- _RAW DATA_:
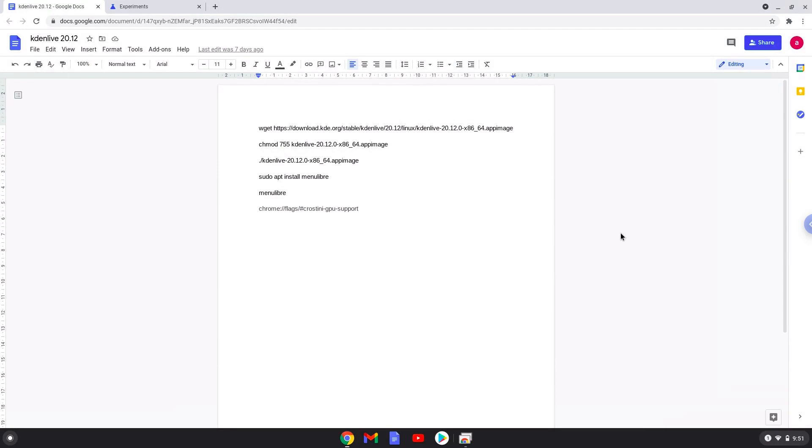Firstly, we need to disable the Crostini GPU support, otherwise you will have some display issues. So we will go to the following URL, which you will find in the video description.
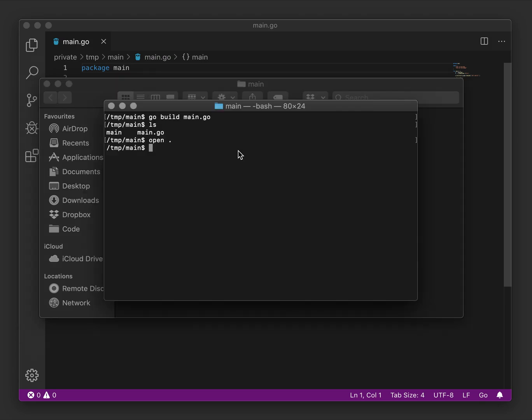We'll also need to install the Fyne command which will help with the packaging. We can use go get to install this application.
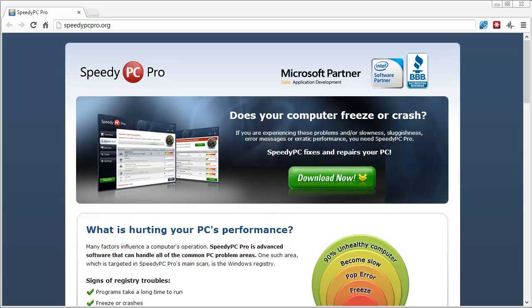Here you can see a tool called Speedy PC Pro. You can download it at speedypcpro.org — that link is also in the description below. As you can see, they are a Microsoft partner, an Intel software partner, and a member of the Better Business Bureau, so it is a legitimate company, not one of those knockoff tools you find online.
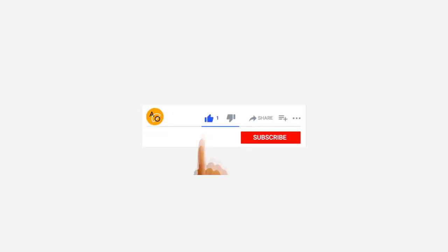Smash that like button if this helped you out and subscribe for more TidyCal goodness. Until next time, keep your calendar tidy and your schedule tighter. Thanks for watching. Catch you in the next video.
==
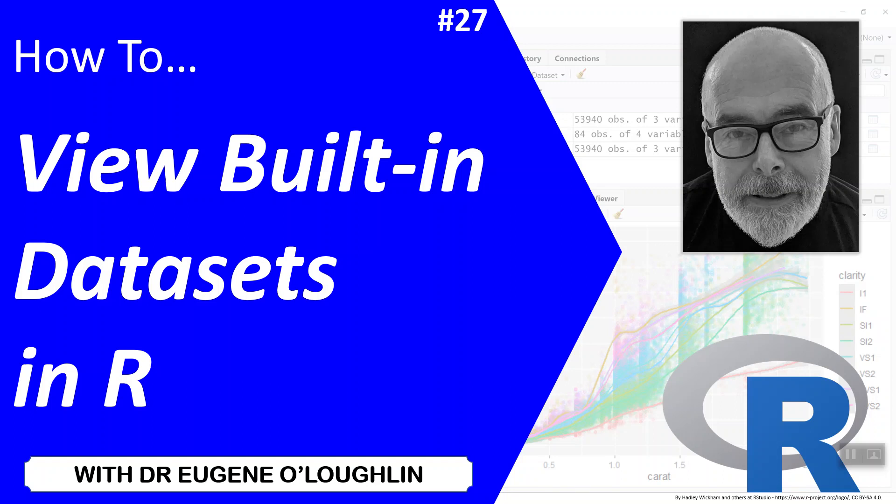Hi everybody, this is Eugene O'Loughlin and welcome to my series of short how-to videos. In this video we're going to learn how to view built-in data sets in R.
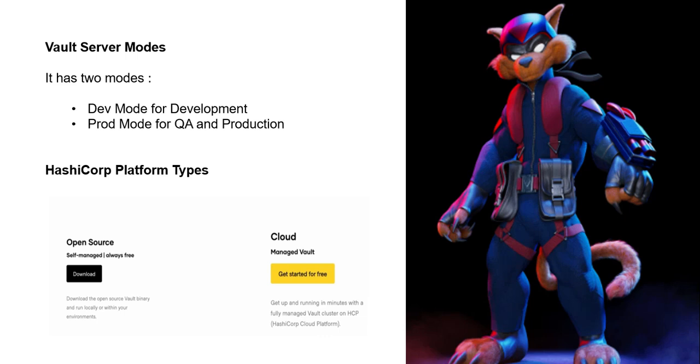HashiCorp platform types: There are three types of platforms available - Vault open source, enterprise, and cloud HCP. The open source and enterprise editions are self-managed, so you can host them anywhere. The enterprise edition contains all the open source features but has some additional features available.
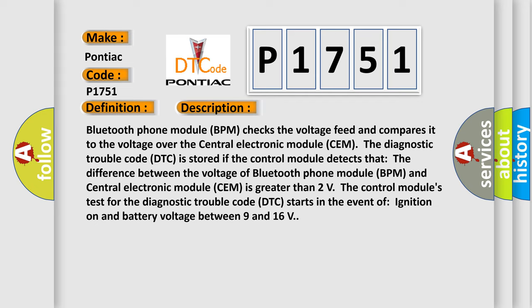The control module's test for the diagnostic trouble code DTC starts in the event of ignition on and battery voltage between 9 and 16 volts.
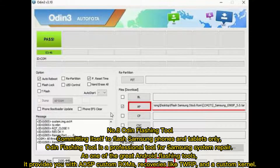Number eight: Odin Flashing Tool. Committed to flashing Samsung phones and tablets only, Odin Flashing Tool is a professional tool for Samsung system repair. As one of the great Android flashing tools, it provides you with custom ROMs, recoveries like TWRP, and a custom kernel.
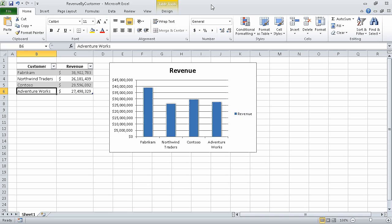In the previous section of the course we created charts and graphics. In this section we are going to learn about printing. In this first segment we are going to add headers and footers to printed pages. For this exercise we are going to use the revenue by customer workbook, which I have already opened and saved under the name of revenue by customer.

- _ASSIGNED TASK_: With the pictures omitted, copy the entries above exactly from the line containing "We'll also need" through the line containing "Smash that like", both lines included.

- _WRITTEN SOLUTION_:
We'll also need to install the Fyne command which will help with the packaging. We can use go get to install this application.
Here you can see a tool called Speedy PC Pro. You can download it at speedypcpro.org — that link is also in the description below. As you can see, they are a Microsoft partner, an Intel software partner, and a member of the Better Business Bureau, so it is a legitimate company, not one of those knockoff tools you find online.
Smash that like button if this helped you out and subscribe for more TidyCal goodness. Until next time, keep your calendar tidy and your schedule tighter. Thanks for watching. Catch you in the next video.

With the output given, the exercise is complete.